Efforts by the Internal Revenue Service to modernize its computer system have "woefully under performed," the chairman of a Senate Appropriations subcommittee said Wednesday.

"Schedule slippages and cost overruns have been epidemic," said Alabama Republican Richard Shelby, chairman of the spending subcommittee that oversees the IRS. "Now is an appropriate time to focus on reengineering efforts."

The agency's business-systems modernization (BSM) plan is in its sixth year of a 15-year upgrade, said Pamela Gardiner, acting inspector general for the Treasury Department's Tax Administration. "The modernization program is an extremely complex effort since many of the IRS' current business systems are a mixture of technologies that date back to the 1960s."

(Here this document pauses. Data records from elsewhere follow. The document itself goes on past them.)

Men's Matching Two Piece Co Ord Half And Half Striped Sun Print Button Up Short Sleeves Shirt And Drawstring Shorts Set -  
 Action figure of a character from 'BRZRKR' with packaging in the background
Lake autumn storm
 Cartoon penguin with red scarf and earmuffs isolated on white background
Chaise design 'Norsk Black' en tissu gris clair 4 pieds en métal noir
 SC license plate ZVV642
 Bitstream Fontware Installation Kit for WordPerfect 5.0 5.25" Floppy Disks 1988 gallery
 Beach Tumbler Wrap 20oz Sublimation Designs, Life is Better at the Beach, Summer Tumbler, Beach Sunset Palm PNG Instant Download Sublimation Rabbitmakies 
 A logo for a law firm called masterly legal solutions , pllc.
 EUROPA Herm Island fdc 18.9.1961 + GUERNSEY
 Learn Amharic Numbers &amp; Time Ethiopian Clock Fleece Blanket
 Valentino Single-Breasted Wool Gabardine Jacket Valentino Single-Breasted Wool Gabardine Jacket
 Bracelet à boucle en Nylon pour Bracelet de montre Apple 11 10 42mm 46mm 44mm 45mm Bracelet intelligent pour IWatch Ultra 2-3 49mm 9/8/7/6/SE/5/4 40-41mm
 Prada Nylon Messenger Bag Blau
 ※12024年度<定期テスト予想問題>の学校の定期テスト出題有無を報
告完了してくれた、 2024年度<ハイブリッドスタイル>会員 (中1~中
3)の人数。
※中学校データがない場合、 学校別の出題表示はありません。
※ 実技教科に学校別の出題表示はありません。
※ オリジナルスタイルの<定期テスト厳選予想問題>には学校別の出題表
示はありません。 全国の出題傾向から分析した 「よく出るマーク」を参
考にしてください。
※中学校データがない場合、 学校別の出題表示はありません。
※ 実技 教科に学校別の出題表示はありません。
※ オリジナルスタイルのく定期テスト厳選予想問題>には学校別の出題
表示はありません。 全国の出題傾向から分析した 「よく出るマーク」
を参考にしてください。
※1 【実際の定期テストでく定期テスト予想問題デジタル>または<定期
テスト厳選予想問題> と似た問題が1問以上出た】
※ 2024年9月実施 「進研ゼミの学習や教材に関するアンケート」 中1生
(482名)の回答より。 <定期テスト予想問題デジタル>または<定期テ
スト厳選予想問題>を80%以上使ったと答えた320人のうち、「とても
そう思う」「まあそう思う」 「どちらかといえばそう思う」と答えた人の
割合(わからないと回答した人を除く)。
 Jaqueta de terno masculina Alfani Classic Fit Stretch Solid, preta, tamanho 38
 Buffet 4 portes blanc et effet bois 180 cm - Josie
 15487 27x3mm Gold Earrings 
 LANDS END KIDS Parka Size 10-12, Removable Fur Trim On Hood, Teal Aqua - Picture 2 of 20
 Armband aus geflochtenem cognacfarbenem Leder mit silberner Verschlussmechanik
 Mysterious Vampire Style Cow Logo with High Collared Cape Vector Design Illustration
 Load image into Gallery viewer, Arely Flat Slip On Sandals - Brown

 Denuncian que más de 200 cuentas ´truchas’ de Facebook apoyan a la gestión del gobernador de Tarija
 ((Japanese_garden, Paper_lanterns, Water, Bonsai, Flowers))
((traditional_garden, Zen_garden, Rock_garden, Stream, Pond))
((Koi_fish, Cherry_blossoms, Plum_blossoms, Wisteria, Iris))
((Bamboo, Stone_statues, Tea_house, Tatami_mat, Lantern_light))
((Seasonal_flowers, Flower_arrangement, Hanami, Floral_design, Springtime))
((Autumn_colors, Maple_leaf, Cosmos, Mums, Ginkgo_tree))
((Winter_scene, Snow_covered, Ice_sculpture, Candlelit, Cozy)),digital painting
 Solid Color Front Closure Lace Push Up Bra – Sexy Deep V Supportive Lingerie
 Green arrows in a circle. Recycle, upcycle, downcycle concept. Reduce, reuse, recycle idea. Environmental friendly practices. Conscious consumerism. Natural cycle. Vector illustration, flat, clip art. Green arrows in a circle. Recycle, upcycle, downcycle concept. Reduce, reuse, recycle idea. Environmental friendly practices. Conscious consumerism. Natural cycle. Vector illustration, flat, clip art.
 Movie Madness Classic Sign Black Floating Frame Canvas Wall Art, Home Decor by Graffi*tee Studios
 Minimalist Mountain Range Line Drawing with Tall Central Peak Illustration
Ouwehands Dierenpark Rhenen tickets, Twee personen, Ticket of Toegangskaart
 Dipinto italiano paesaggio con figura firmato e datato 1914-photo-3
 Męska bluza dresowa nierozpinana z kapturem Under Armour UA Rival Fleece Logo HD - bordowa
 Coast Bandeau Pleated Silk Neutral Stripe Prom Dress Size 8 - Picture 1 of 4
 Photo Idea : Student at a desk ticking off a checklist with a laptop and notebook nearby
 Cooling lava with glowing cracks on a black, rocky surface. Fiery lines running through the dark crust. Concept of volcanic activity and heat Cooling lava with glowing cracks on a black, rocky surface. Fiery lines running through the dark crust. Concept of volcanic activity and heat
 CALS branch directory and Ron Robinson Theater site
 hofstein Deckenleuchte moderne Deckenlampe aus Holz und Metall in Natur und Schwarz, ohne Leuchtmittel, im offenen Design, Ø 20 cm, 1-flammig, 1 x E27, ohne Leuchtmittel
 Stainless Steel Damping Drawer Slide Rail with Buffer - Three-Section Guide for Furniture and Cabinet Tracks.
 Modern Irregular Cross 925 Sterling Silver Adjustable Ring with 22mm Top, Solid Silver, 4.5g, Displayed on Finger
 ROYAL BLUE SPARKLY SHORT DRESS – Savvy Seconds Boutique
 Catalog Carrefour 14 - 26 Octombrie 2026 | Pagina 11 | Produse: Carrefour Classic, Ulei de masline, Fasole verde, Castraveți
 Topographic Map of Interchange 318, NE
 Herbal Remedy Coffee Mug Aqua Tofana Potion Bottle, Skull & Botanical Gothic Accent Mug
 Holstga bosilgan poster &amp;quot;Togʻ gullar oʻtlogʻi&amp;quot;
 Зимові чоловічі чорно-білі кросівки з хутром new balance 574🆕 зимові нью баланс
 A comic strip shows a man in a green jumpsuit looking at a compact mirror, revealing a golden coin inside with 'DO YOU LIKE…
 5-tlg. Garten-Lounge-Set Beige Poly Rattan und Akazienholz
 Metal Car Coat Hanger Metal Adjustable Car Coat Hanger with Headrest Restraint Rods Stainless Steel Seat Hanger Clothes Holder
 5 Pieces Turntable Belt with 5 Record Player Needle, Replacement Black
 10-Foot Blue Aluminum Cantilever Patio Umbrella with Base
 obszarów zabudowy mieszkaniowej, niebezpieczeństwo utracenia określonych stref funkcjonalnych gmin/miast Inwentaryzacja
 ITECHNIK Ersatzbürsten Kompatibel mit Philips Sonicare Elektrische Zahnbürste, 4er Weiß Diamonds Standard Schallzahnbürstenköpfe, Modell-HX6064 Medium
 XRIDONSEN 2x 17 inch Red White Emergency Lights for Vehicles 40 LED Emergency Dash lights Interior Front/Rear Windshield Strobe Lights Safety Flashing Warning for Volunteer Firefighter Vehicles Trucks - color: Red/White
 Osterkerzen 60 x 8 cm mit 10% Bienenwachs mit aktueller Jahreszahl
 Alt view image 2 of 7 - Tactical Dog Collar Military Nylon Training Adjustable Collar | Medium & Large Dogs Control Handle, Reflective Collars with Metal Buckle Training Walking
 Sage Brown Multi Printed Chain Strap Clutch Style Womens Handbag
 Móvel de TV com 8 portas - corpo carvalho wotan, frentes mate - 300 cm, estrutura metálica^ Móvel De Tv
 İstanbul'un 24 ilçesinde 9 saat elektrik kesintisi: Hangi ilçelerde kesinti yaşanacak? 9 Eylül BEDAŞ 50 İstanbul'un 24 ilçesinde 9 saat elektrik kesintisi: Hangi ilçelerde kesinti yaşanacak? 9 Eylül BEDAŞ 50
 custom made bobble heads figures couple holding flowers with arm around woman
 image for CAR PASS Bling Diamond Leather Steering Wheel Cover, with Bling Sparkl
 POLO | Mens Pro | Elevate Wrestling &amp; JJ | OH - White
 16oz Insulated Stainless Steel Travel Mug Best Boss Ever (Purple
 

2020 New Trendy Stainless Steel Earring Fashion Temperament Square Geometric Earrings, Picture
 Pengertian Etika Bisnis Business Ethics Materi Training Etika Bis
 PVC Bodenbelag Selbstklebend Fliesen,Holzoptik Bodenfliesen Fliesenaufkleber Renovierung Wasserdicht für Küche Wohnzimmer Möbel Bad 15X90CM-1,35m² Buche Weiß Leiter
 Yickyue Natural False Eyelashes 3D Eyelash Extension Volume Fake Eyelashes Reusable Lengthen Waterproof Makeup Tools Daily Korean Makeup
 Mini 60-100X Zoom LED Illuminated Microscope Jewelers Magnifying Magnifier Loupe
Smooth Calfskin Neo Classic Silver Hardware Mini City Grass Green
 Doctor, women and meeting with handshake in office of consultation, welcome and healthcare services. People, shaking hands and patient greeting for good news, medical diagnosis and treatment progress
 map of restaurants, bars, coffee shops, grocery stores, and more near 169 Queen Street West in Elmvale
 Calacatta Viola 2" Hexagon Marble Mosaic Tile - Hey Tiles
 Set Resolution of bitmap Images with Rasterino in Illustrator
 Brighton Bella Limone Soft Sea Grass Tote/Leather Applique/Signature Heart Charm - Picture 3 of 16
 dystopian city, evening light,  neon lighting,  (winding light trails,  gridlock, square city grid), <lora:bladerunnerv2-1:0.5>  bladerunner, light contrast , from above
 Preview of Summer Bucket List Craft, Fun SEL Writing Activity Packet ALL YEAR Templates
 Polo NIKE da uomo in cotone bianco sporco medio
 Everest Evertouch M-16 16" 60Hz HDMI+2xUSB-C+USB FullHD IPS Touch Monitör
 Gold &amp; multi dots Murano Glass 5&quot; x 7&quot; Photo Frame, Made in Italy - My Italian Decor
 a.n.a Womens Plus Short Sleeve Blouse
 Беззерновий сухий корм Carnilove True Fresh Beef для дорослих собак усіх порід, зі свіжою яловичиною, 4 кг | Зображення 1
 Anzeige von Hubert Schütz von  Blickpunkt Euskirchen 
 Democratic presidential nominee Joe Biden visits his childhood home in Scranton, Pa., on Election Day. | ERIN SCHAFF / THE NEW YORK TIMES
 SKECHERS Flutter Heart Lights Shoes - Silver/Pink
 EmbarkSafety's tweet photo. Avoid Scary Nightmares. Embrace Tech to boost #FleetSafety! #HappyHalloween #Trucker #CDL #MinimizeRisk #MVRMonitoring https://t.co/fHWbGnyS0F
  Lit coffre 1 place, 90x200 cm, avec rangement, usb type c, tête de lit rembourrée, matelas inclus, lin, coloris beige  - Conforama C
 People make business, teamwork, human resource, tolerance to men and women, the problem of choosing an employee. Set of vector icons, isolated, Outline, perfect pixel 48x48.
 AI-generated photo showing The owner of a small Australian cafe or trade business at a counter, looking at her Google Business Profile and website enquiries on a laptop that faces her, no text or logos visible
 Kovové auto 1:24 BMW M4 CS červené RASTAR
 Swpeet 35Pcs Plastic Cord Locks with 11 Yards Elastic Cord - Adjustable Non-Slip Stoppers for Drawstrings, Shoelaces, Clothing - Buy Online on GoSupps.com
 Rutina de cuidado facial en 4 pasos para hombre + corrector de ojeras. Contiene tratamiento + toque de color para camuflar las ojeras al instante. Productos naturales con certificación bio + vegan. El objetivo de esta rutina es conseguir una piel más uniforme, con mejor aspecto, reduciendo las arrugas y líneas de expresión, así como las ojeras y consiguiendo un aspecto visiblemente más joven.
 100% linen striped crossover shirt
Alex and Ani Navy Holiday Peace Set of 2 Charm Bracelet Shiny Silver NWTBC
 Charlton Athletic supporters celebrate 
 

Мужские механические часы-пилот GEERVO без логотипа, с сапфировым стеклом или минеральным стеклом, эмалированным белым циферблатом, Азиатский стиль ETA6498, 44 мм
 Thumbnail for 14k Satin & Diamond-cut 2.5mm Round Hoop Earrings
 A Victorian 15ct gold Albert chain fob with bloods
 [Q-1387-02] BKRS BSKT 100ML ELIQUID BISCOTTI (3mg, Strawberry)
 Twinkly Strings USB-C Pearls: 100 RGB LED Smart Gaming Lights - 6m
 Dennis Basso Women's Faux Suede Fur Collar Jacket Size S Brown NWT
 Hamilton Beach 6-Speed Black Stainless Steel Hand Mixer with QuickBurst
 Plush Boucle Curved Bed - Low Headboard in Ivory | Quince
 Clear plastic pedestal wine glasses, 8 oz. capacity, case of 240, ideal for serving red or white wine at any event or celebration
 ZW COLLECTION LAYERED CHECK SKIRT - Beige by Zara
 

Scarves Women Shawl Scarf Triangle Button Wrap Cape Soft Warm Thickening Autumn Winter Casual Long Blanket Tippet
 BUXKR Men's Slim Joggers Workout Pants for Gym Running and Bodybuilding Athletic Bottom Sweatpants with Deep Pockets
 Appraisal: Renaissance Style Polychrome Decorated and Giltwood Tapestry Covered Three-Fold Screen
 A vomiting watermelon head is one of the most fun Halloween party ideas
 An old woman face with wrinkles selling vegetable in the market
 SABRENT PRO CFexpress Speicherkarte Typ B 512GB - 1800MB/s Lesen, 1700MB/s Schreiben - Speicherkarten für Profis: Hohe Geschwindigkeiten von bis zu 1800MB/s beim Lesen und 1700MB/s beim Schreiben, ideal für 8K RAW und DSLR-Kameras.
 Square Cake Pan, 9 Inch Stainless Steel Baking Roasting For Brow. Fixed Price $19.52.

"I am very concerned that BSM is becoming the 21st-century version of the tax-systems modernization program, which was the IRS' prior modernization effort that was abandoned [after] two years and $4 billion in federal tax dollars," Shelby said. "That effort was a complete loss."

To avoid a repeat situation, the IRS hired Computer Sciences Corp. (CSC) as its main contractor and vowed to focus for the time being on only its most critical projects, Gardiner said.

CSC has missed several key deadlines, however, and the IRS has warned the company that future failures will force a reopening of the contract, IRS Commissioner Mark Everson said. "We have held contractors accountable in a way that's fairly [unusual] for the government," he said.

The IRS' most crucial project is its customer-account data engine (CADE), Everson said. "CADE will eventually replace the existing master file of taxpayer accounts and will enable the implementation of other modernized systems that will ... allow the online posting and updating of taxpayer account and return data."

Everson could not give Shelby an exact date for implementing CADE. The IRS will "get a better idea" of a timetable as it adjusts to its more streamlined focus. "In a year, we'll be better capable of a long-term projection," he said.

"There are 60 to 70 percent odds that the first part [of CADE] will be rolled out in August," Gardiner said. "It does appear that testing [is] going well. Contractors have been put on notice that they need to do this."

Gardiner estimated that the entire modernization effort would cost about $7 billion. The cost overruns are bothersome, she said, but many of those additional costs were the result of changes in requirements. "The problem is that you have to interface and talk to old systems," and upgrades to equipment are made every day, she said.

"The IRS did a lousy job of keeping track of multiple changes to its system each year when the tax code would change," Everson said.

While he said the agency has "failed on big-ticket projects" like CADE, he still would give the modernization effort a "mixed grade." It is "not all bad news" because the agency has made "dramatic leaps largely through technology," he added.